A nervousness came on, the runaway sizzle of butter overheating in a frying pan. Angus was sure the ladies could help her with the baby (could they help raise it too?), but what about her bigger problem? She couldn’t live in the Village of Wrong Things (or anywhere else) if she couldn’t survive her ever-increasing size.

Angus parked in front of a building whose wooden façade bore a two-story mermaid, larger than life, yet lifelike. The swinging sign read Yummy Things, which made Lilly think it was a bakery or candy shop. Three little old ladies sat in rocking chairs on the broad porch and waved and smiled as Angus got out of his truck.

“Hallo! Flora! Penelope! Doris! How are you lovely ladies?”

Feeling shy, Lilly wished she could huddle behind Angus. She hadn’t expected the ladies to be so…wrinkly. Or shrunken. They looked too frail to do much more than rock in their chairs, how did they manage to care for an entire forest?

“How are you, Angus? Been a minute.”

Maybe that was Penelope, the one in the middle—in pale yellow. They dressed monochromatically: the one to the left in light blue, the one to the right in orange sherbet.
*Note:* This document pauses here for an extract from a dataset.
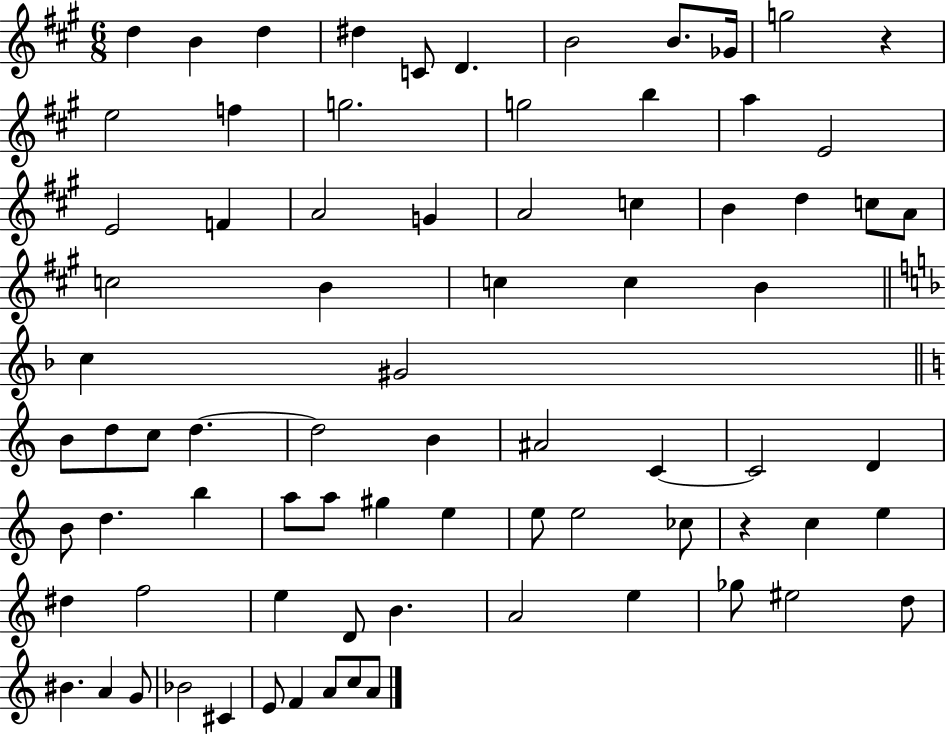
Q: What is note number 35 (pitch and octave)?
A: B4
“Good, doing well, always something to be thankful for.”

The ladies nodded, pleased, but every scintilla of their concentration was on Lilly. She glanced around the town, uncomfortable with their scrutiny. As the ladies stood—not rickety in the least, but graceful—four more emerged from the store.

“We haven’t had a need to gather in a long while,” said the one in lavender, holding the door open for her friends.
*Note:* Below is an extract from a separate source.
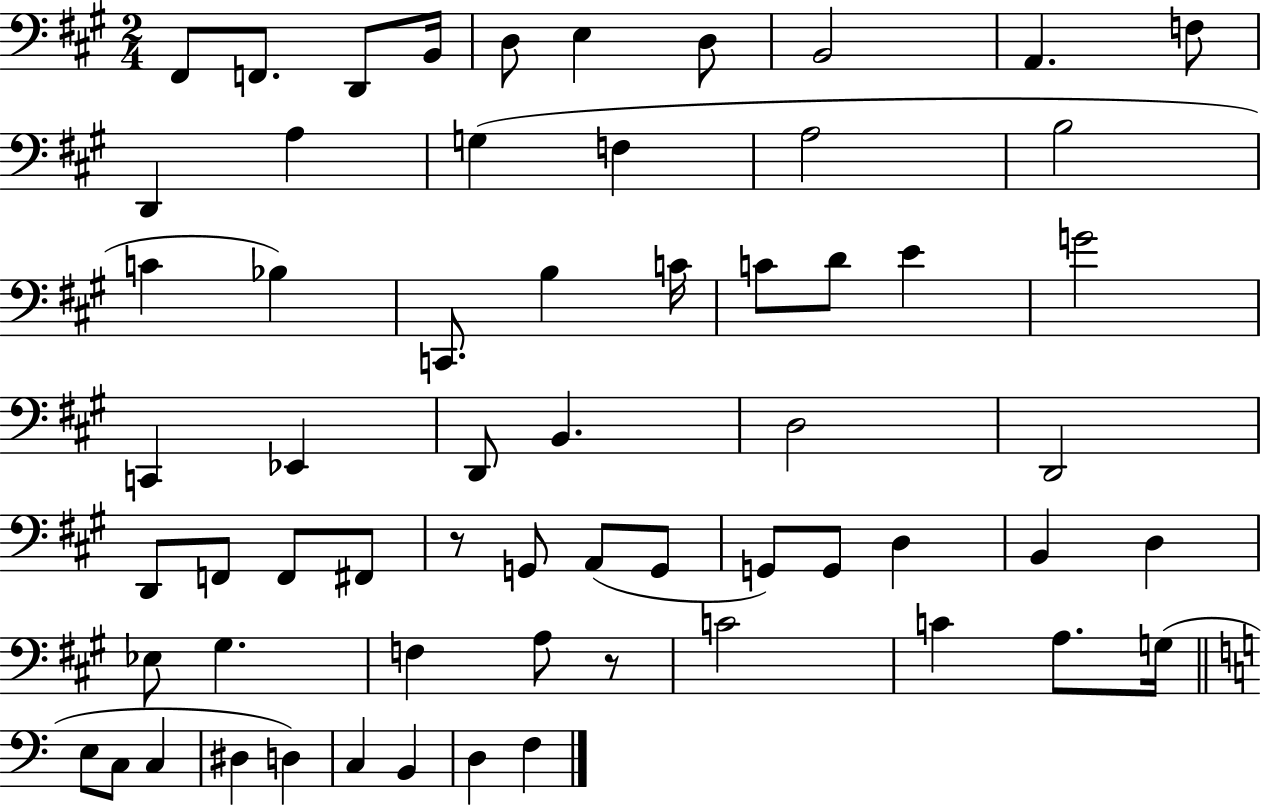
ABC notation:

“This is Lilly,” Angus told them. “She’s in need of some help, as you can see. She was looking for a village, but Town Town seemed like a good place to start.”

“We can help her,” said the little old lady in pink.

The seven ladies streamed off the porch, their movement unobstructed by the fragile bones or wasting muscles of the average elderly person. Lilly caught movement behind her and when she looked, more women were emerging from other storefronts. They weren’t old, and some of them quite frightened her.

Seven were dressed in flowing robes in the hues of autumn, their long hair entwined with feathers and leaves. They were perhaps middle-aged, diverse in their size and shape and coloring, though each wore an amulet about her neck. The other seven were younger, tall and muscled, their hair either shaved or braided tight against their skulls, their faces inked with designs. These seven wore fierce gazes and each carried a weapon—spear, ax, a knife with a curved blade.

As they encircled her, Lilly tried to shrink into Angus’s shadow.

“Shall I leave you to it then?”

Lilly wasn’t sure who he was asking—the collective ladies, or her. She shook her head, but the robed women nodded. Angus gave them a little bow, and turned to head for—

“You aren’t leaving me?”

“This is as far as I can take you. The ladies will care for you now.”

Again, the women nodded—this time all of them. But Lilly didn’t want to be left alone with so many strangers. With a friend at her side—Angus or Rain—she could’ve handled it. Rain was good with new people, but Lilly…. On her own, she felt so very on her own. To bolster her courage, she took the photo out of her back pocket and snuck a look at Rain before pressing her against her heart.

“Don’t fret child, we won’t bite you,” said a white-haired lady in a pale-gray pantsuit.

The women, all twenty-one, started closing the circle after Angus left it. Before he reached his truck Lilly ran to him, crouching down to give him a hug.

“Thank you, for everything.”

“My pleasure, Lilly.” He got in and closed the door. He looked happy enough, but tears stood in his eyes. “I truly can’t wait to see you again.”

“Me too.”

He backed up, careful not to hit anyone, and drove out of Town Town the way he’d come. Lilly, not wanting to appear rude, or afraid (which she was), strolled back toward the congregation of women, with Rain’s image tight in her hand.

They flowed into position around her, making Lilly the center of their circle. Seven little old ladies. Seven priestesses. Seven warriors. Lilly tried not to be scared, but the gleam in their eyes radiated something hungry. She was much larger than even the warriors, but Lilly didn’t think she could take them all on at once, if they made a move to devour her.